Aussi, malgré la grande peste de 1348, Avignon compte-t-elle 30 000 habitants en 1376 ; elle est l’une des dix plus grandes villes de l’Occident, ce dont témoigne la construction entre 1349 et 1370 d’une nouvelle enceinte qui porte son périmètre de 3 000 à 4 330 m et sa superficie de 40 à 151 ha 71 ares. Une telle évolution contraint le corps municipal à admettre en son sein des Italiens et des Ultramontains aux côtés des Avignonnais de pure souche.

De plus, elle stimule la production agricole locale (plantations de mûriers) ainsi que l’industrie du bâtiment, qui s’essouffle à satisfaire aux besoins en locaux de la population.

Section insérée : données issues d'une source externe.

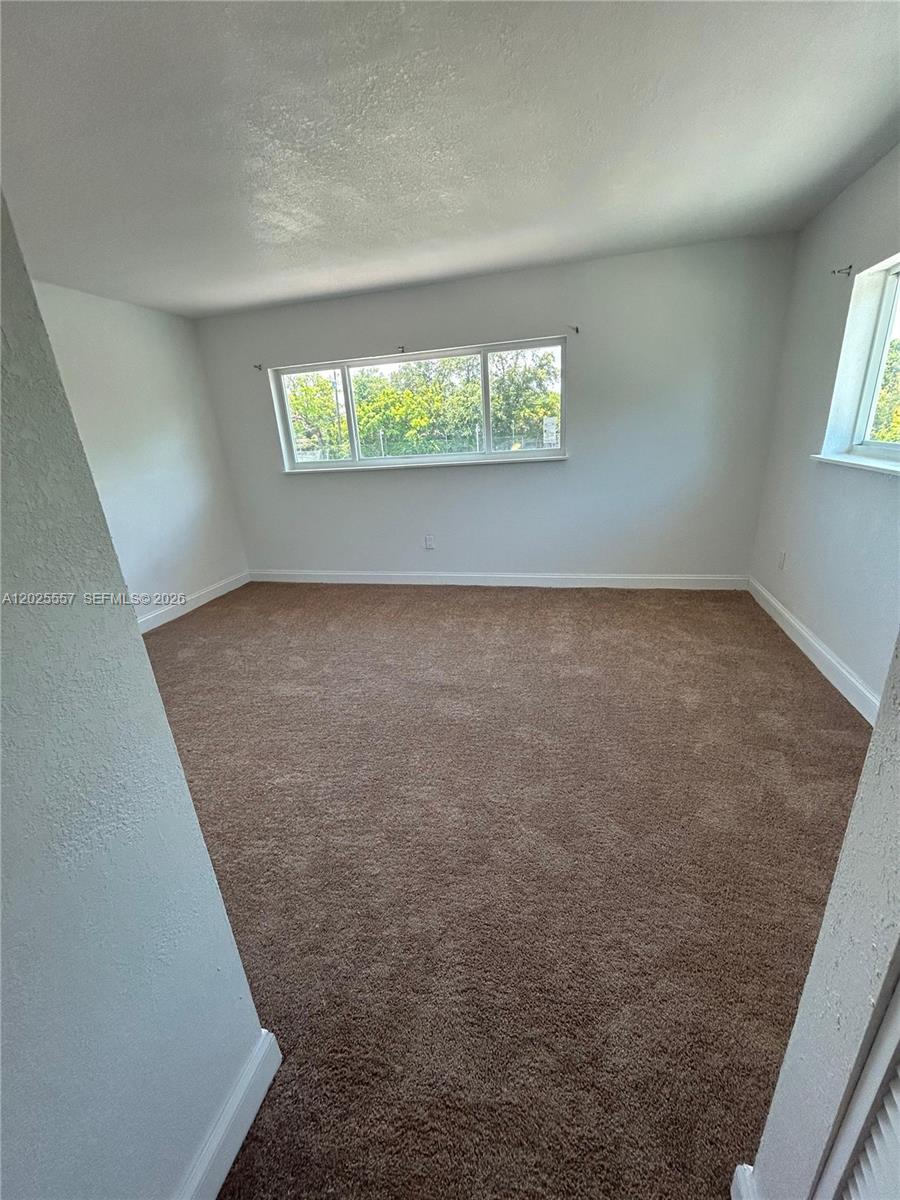 THE LOFTS TOWN VILLAS CON - Residential Lease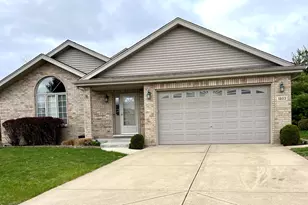 1603 Hunters Run Dr, Bourbonnais, IL 60914 - Photo 1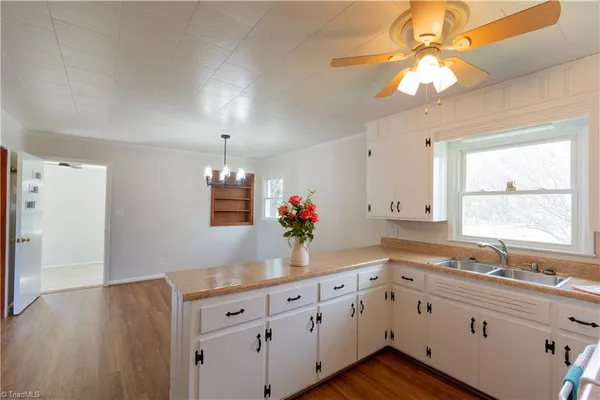 $279,900 | 1065 Dallas King Road, Westfield, NC 27053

Enfin, le grand commerce des biens de consommation et de l’argent connaît un essor remarquable.

Avignon est donc une capitale fastueuse, dont l’éclat se trouve rehaussé par la magnificence des cérémonies religieuses, mais dont le luxe provoque les critiques acerbes de Pétrarque, de sainte Brigitte de Suède et de sainte Catherine de Sienne, qui réclament le retour du Saint-Père auprès du tombeau de Pierre. Finalement entendu par Grégoire XI en 1376, cet appel est à l’origine du déclin d’Avignon.

La Chambre apostolique

Née dès le xie s. à Rome, où elle était chargée de la centralisation et de la gestion des revenus pontificaux, la Chambre apostolique ne devient un rouage essentiel de la curie qu’au lendemain de l’installation du souverain pontife à Avignon, en 1309. À sa tête est placé un camérier longtemps maintenu en fonctions, tel Gasbert de Laval (1329-1347). Il est secondé par un personnel dirigeant peu nombreux (moins de 100 personnes), mais permanent et efficace, ainsi que par des subalternes souvent transitoires, mais nombreux et qualifiés. À ce personnel revient la lourde tâche d’assurer la garde du Trésor de l’Église, la gestion de ses revenus, l’émission de ses monnaies, le contentieux de ses propres affaires financières et la mise en forme et l’expédition de la correspondance pontificale avec l’aide, à l’extérieur, d’administrateurs financiers des domaines temporels du Saint-Siège, de collecteurs des impôts et de comptables chargés des paiements.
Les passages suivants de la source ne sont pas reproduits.